Pela primeira vez desde a implantação do antigo regime, ao qual incautos recém-chegados à consciência partidária chamam hoje displicentemente «o fascismo», sem se interrogar sobre o que foi o Fascismo na Itália da primeira metade do século XX ou o Estado Novo em Portugal, para não falar do Nazismo, pela primeira vez em quase cem anos, foi finalmente eleito em Portugal um deputado Liberal. É uma pedrada no charco!
Vale a pena dizer que, no caso de o sistema eleitoral português respeitar a proporcionalidade nacional entre votos e eleitos, a Iniciativa Liberal (IL) teria três deputados e não um só. O mesmo aconteceria com o chamado «Chega» e com outras desproporcionalidades! Basta dizer que nas eleições do mês passado, além de o governo inscrever o número inverosímil de quase 11 milhões de votantes, o PS elegeu um deputado com uma média inferior a 18.000 votos quando a IL precisou de 65.000 para eleger o seu (o mesmo se diga do Chega e do Livre, bem como de outros três partidos sem deputados eleitos)!
Por causa destas e de outras «chapeladas» aparentemente legais mas cada vez mais evidentes, que só beneficiam o PS e o PSD (todos os outros partidos perdem para eles), é que a Monarquia caiu e depois dela a República. Sem pretender reconstituir em poucas palavras uma história longa e acidentada, a verdade é que a descoberta do caminho para a Liberdade em 1820 foi imediatamente sucedida por uma série mais ou menos ininterrupta de golpes e contra-golpes, incluindo várias guerras civis.

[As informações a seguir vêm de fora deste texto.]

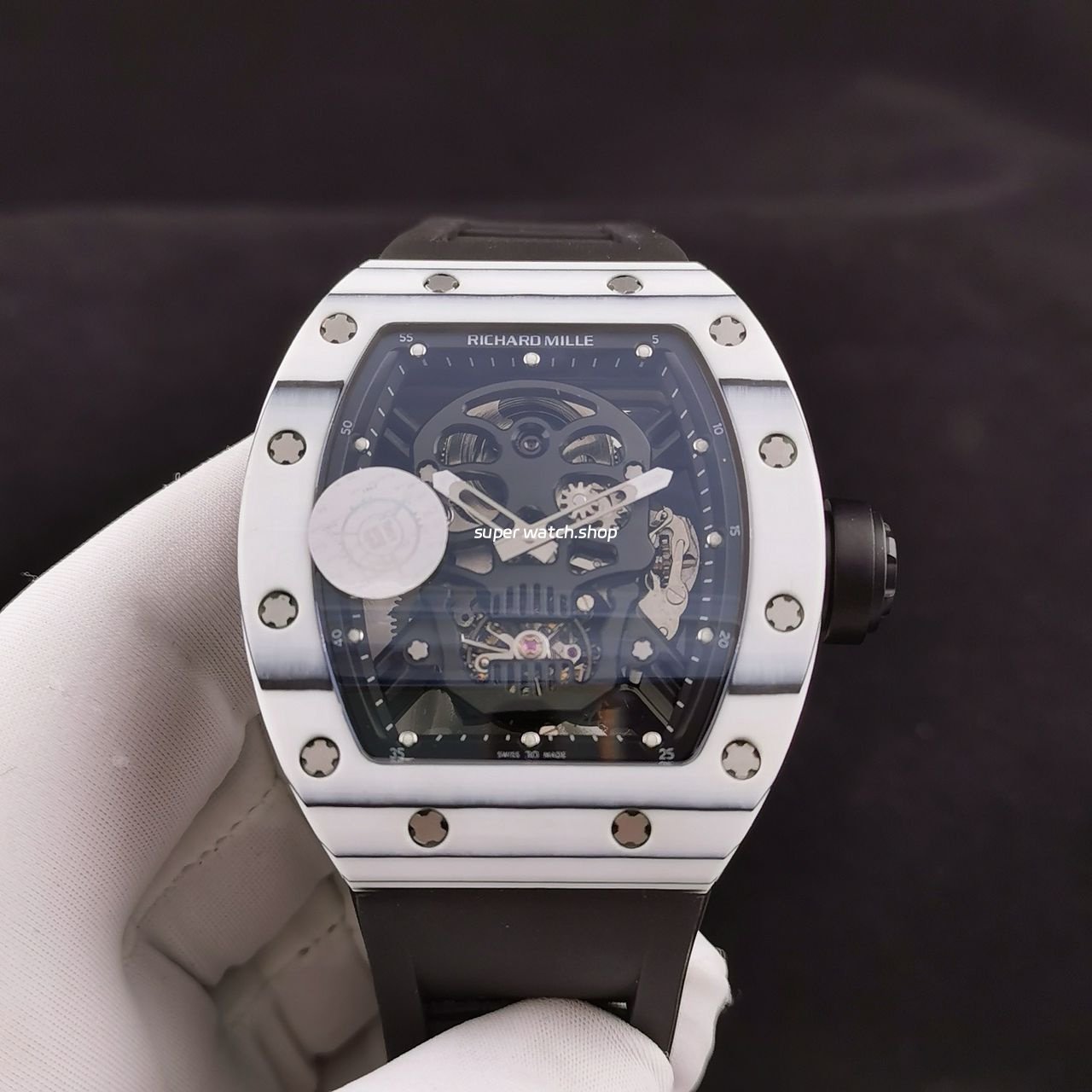 JB-Factory-Richard-Mille-Skull-RM52-01-44.3mm-CeramicsTitanium-Black-Rubber-Strap-Skeletonized-Black-9.jpg JB Factory Richard Mille Skull RM52-01 44.3mm Ceramics&Titanium Black Rubber Strap Skeletonized Black Dial - Image 1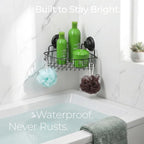 Corner Shower Caddy with Suction Cup Shower Shelf with Hooks, Stainless Steel Bathroom Caddy, Wall Mounted Shower Basket for Bathroom, Adhesive 3M Stick Discs Included (Black)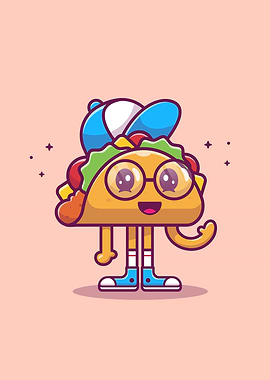 Cute Taco Wearing Hat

O golpe republicano de 1910 não fez mais do que relançar a série de conflitos abertos, incluindo a ditadura precursora de Sidónio Pais (1917-1918), até ao golpe definitivo do 28 de Maio. A ditadura só acabou quase 50 anos depois com novo golpe militar provocado pela pressão interna e externa sobre as Forças Armadas no sentido de porem termo à guerra colonial… Desde então, a actual democracia – que nunca submeteu a referendo qualquer das suas regras constitucionais nacionais e europeias – não fez mais do que transformar-se num ritual eleitoral onde um dos dois possíveis vencedores ficou decidido por leis nunca revistas depois de a fracção civilista do exército derrotar o golpe de 25 de Novembro de 1975 e assim pôr termo ao PREC!
Com efeito, como sucedeu em todos os países europeus católicos no século XIX, talvez por causa do terror inspirado às elites tradicionais pela Revolução Francesa, o termo liberalismo e as ideias políticas e sociais a ele associadas ficaram reduzidos no Sul da Europa ao liberalismo económico. Por seu turno, a Grã-Bretanha tomou literalmente conta do caso português perante a expansão napoleónica, como demonstra a fuga da família real e do grosso do aparelho de Estado para o Brasil, bem como a abertura do portos e a independência deste último.
Apesar das aparências, o longo século que vai de 1820 a 1926 pouco ou nada tem de liberal no sentido forte do termo, não só no da participação cívica e da tolerância cultural, como no da representação política restringida às elites e manipulada nas urnas, para não falar do atraso deliberado da instrução pública por parte dos governos, bem como do carácter conservador da maioria das revoltas populares contra a ordem social, o fisco e a alta dos preços.
Tal como mostrou o historiador Raffaele Romanelli em «L’Italia liberale, 1861-1900», a ideologia liberal foi na realidade imposta de cima para baixo por uma escassa elite burguesa ao conjunto das populações e às classes sociais mais reaccionárias, como é conhecido dos leitores do «Gattopardo» de Lampedusa: «É preciso que algo mude para que tudo fique na mesma»! Portugal não era melhor. Antes pelo contrário. Sem tradição urbana robusta e com um império colonial para gerir sem recursos suficientes, o que não faltava eram pulsões críticas de autoritarismo mais ou menos encoberto, tanto entre republicanos como monárquicos. Com a emigração como válvula de segurança recorrente, com o seu máximo em 1913, o chamado «familismo amoral» resistiu a qualquer liberalização efectiva, alimentando o clientelismo e a corrupção das elites.
De tal modo que a implantação do regime democrático em 1976 não fez qualquer referência ao século histórico do liberalismo nem qualquer partido evocou tal noção. Só em 1984 um pequeno número de antigos «esquerdistas» vacinados pelo PREC ousou apresentar-se como «Clube da Esquerda Liberal», o qual veio a dissolver-se perante a entrada na CEE e os dez anos de governo Cavaco Silva, mas ainda se prolongou na revista «Risco» até 1987. Foi durante o lançamento dessa revista que uma troca de ideias com Mário Soares, então presidente da República, confirmou quanto era ignorada, se não desprezada, uma genuína dimensão liberal nesta democracia estática e estatista. É pois de saudar, finalmente, a presença de uma Iniciativa Liberal no parlamento português!